Outra evidência da harmonia com Beviláqua pode ser encontrada, segundo Maryse, em um texto produzido em conjunto pelos dois e que foi divulgado recentemente na página do BC na internet. Escrito em inglês, o trabalho faz apologia da política de juros adotada pelo BC no primeiro governo Lula. “O texto reafirma a opção de desinflação rápida, mesmo que sacrifique o crescimento. Por isso, se o Mesquita for efetivado, será uma troca de seis por meia dúzia”, afirmou a professora.

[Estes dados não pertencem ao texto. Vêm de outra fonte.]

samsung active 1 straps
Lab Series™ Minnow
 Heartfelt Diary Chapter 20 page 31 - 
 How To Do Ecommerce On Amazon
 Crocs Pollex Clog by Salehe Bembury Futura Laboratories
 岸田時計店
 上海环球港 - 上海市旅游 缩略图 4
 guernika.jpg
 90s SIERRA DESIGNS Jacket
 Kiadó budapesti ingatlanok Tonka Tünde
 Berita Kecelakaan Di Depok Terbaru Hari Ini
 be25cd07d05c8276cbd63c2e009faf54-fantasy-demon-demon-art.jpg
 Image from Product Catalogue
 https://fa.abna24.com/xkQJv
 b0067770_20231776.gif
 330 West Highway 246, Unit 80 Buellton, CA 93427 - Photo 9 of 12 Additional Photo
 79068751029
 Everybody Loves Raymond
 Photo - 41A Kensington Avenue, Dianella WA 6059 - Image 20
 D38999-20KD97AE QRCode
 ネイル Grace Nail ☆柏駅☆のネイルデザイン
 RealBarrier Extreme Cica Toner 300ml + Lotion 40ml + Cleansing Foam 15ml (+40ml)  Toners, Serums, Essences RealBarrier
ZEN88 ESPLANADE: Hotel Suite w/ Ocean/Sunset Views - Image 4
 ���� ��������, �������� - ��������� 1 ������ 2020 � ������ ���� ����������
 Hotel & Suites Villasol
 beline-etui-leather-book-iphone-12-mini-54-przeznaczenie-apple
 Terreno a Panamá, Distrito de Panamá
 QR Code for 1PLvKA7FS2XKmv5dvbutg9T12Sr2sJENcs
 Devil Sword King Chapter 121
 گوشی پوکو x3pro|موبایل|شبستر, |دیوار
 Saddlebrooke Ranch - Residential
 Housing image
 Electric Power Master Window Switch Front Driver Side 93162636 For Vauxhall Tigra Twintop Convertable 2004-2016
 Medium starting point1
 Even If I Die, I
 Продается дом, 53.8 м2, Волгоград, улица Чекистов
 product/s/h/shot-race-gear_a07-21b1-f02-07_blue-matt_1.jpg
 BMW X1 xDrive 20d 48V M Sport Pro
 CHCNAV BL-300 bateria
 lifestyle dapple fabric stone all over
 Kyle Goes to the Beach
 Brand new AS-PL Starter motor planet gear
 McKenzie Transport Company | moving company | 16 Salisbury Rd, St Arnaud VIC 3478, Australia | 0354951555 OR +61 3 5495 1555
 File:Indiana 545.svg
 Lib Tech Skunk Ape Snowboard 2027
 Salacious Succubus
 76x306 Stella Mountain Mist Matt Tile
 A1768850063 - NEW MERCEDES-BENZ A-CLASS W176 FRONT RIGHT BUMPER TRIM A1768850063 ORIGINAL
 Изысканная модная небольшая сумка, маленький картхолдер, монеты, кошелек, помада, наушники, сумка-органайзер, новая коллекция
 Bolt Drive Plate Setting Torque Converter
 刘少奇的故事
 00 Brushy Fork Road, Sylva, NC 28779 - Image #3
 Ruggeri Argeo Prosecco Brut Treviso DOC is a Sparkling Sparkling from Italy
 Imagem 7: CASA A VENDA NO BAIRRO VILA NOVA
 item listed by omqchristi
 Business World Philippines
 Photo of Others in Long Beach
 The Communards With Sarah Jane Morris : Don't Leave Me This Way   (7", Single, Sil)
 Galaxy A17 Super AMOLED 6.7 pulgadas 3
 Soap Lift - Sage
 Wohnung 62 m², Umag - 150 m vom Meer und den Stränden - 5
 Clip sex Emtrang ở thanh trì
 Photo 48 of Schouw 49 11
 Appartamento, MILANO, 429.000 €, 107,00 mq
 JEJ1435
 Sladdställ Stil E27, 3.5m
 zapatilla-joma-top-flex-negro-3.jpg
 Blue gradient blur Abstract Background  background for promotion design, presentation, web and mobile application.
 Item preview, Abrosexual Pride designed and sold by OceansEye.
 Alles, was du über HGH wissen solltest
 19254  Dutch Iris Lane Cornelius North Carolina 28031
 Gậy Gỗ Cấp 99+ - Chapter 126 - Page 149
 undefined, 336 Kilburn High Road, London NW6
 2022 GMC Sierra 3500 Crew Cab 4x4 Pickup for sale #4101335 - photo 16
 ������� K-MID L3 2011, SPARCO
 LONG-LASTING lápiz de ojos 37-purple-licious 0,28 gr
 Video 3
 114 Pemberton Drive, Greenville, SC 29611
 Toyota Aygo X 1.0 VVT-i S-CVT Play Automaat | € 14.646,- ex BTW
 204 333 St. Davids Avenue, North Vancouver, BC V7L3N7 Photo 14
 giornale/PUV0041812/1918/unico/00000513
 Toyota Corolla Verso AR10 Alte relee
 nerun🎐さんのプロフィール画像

A Central Única dos Trabalhadores (CUT) tem preocupação semelhante com o risco de “seis por meia dúzia”. Inclusive, porque encara o conservadorismo do BC como uma característica da instituição que independe dos nomes assentados na diretoria. Mas a entidade mostrou certo otimismo, pois a troca atinge o coração da ortodoxia. “A mudança tem conteúdo simbólico forte, porque se trata de um dirigente com perfil conservador. Se representar efetivamente mudança de política econômica, será positivo”, disse o presidente da CUT, Artur Henrique da Silva Santos.



Explicações oficiais
A saída de Beviláqua foi explicada à imprensa em uma entrevista dada por ele e Meirelles na noite desta quinta-feira (01). O banqueiro afirmou ter sido procurado durante o dia pelo subordinado, que lhe comunicou o desejo de sair imediatamente. O presidente Lula e o ministro da Fazenda, Guido Mantega, foram avisados em seguida.



Na entrevista, Beviláqua disse que quer passar mais tempo com a família, que mora no Rio – ele fez carreira acadêmica na Pontifícia Universidade Católica do estado (PUC-RJ), tida como berço intelectual do conservadorismo brasileiro. E insistiu não ter precipitado a saída, ao contrário do que o chefe lhe pedira, por qualquer pressão política. Nem mesmo a saraivada de críticas disparada na véspera contra o BC, por causa de mais um crescimento baixo. “Foi motivação pessoal mesmo”, disse, lembrando que sofre críticas há quatro anos.



As críticas ao BC são antigas, como o diretor demissionário salientou, mas aumentaram nos últimos tempos. Especialmente depois da última reunião do BC sobre juros. A redução na taxa foi menor que a esperada pelos “desenvolvimentistas”. Depois disso, houve quem pedisse a demissão de Meirelles – caso do ex-ministro José Dirceu. Com a divulgação do crescimento econômico em 2006, nesta quarta-feira (28) a Força Sindical reforçou o pedido.



Ao divulgar o resultado da geração de emprego no ano passado, que ficou abaixo da expectativa, o ministro do Trabalho, Luiz Marinho, também atacou o BC. Ele culpou a política de juros pelo resultado. Chegou a dizer que o resultado deveria “servir de alerta” para a equipe econômica do governo, em particular, para o BC.



Alvo do tiroteio, Meirelles afirmou que a saída de Beviláqua é normal, porque o diretor era um dos mais antigos do BC e entrara para trabalhar nos quatro anos do governo anterior. O presidente do BC aproveitou para, ao menos na retórica, jogar uma ducha de água fria nos críticos que poderiam se animar com a troca. “A política do BC não é dependente de um ou outro diretor. É uma decisão colegiada”, disse. O Comitê de Política Monetária (Copom), que define a taxa de juros, é formado por todos os diretores do banco.